Lets look at the pathogens f**king up metabolism and spreading inflammation.
We need to know more about the heathy human microbiome.
Can you (or anyone) provide a reference to a study demonstrating that pathogens attack the autophagic machinery?
http://www.hubmed.org/display.cgi?uids=19303905
OK, noted.
Next step: Is there any evidence that these pathogens are present (possibly at sub-acute levels) in human cells, either during the aging process or in aged individuals?
Detectability shouldn’t be an issue; modern PCR technology allows detection of a single copy of a genome.
We want to compare the microbiomes of aged tissue and of individual cells with youthful tissue and cells.
Do you think there may already be a study or does one need to be done?
I’m starting to think of autophagy as the intracellular immune system.
As a non-technical data point, the following personal experience may be relevent:
Limited hypoxia exposure is a method athletes use to improve red blood cell count, and so improve performance.

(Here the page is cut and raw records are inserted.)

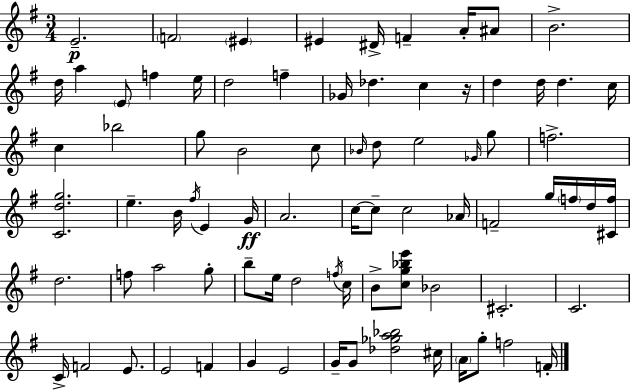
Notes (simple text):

E4/h. F4/h EIS4/q EIS4/q D#4/s F4/q A4/s A#4/e B4/h. D5/s A5/q E4/e F5/q E5/s D5/h F5/q Gb4/s Db5/q. C5/q R/s D5/q D5/s D5/q. C5/s C5/q Bb5/h G5/e B4/h C5/e Bb4/s D5/e E5/h Gb4/s G5/e F5/h. [C4,D5,G5]/h. E5/q. B4/s F#5/s E4/q G4/s A4/h. C5/s C5/e C5/h Ab4/s F4/h G5/s F5/s D5/s [C#4,F5]/s D5/h. F5/e A5/h G5/e B5/e E5/s D5/h F5/s C5/s B4/e [C5,G5,Bb5,E6]/e Bb4/h C#4/h. C4/h. C4/s F4/h E4/e. E4/h F4/q G4/q E4/h G4/s G4/e [Db5,Gb5,A5,Bb5]/h C#5/s A4/s G5/e F5/h F4/s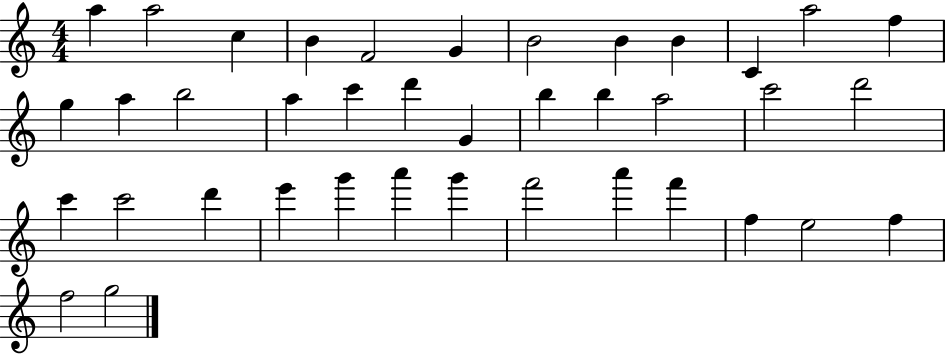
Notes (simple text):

A5/q A5/h C5/q B4/q F4/h G4/q B4/h B4/q B4/q C4/q A5/h F5/q G5/q A5/q B5/h A5/q C6/q D6/q G4/q B5/q B5/q A5/h C6/h D6/h C6/q C6/h D6/q E6/q G6/q A6/q G6/q F6/h A6/q F6/q F5/q E5/h F5/q F5/h G5/h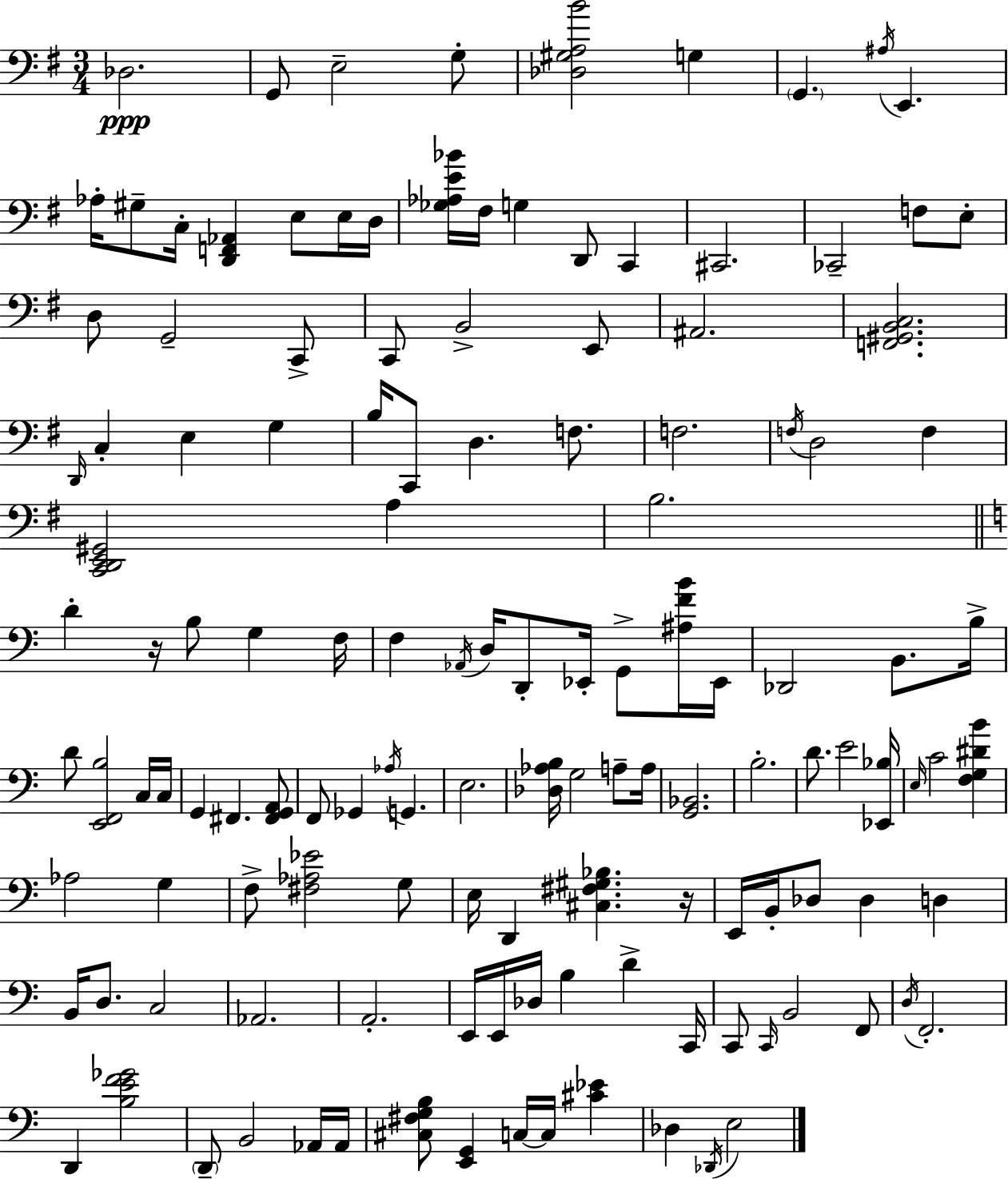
X:1
T:Untitled
M:3/4
L:1/4
K:Em
_D,2 G,,/2 E,2 G,/2 [_D,^G,A,B]2 G, G,, ^A,/4 E,, _A,/4 ^G,/2 C,/4 [D,,F,,_A,,] E,/2 E,/4 D,/4 [_G,_A,E_B]/4 ^F,/4 G, D,,/2 C,, ^C,,2 _C,,2 F,/2 E,/2 D,/2 G,,2 C,,/2 C,,/2 B,,2 E,,/2 ^A,,2 [F,,^G,,B,,C,]2 D,,/4 C, E, G, B,/4 C,,/2 D, F,/2 F,2 F,/4 D,2 F, [C,,D,,E,,^G,,]2 A, B,2 D z/4 B,/2 G, F,/4 F, _A,,/4 D,/4 D,,/2 _E,,/4 G,,/2 [^A,FB]/4 _E,,/4 _D,,2 B,,/2 B,/4 D/2 [E,,F,,B,]2 C,/4 C,/4 G,, ^F,, [^F,,G,,A,,]/2 F,,/2 _G,, _A,/4 G,, E,2 [_D,_A,B,]/4 G,2 A,/2 A,/4 [G,,_B,,]2 B,2 D/2 E2 [_E,,_B,]/4 E,/4 C2 [F,G,^DB] _A,2 G, F,/2 [^F,_A,_E]2 G,/2 E,/4 D,, [^C,^F,^G,_B,] z/4 E,,/4 B,,/4 _D,/2 _D, D, B,,/4 D,/2 C,2 _A,,2 A,,2 E,,/4 E,,/4 _D,/4 B, D C,,/4 C,,/2 C,,/4 B,,2 F,,/2 D,/4 F,,2 D,, [B,EF_G]2 D,,/2 B,,2 _A,,/4 _A,,/4 [^C,^F,G,B,]/2 [E,,G,,] C,/4 C,/4 [^C_E] _D, _D,,/4 E,2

As a cyclist, I have been sleeping for about 6 hours per night, five days a week, at 15.5% O2 (21% – sea level) in a hypoxic tent (for ~ 1 month). I have noticed that my fasting glucose is averaging 73 mg/dL after hypoxia vs 82 when sleeping without the device. I understand that reduced glucose levels are associated with reduced inflammation (diabeties, heart disease…) So perhaps this is a side benefit to the improved strength on the bike I am witnessing.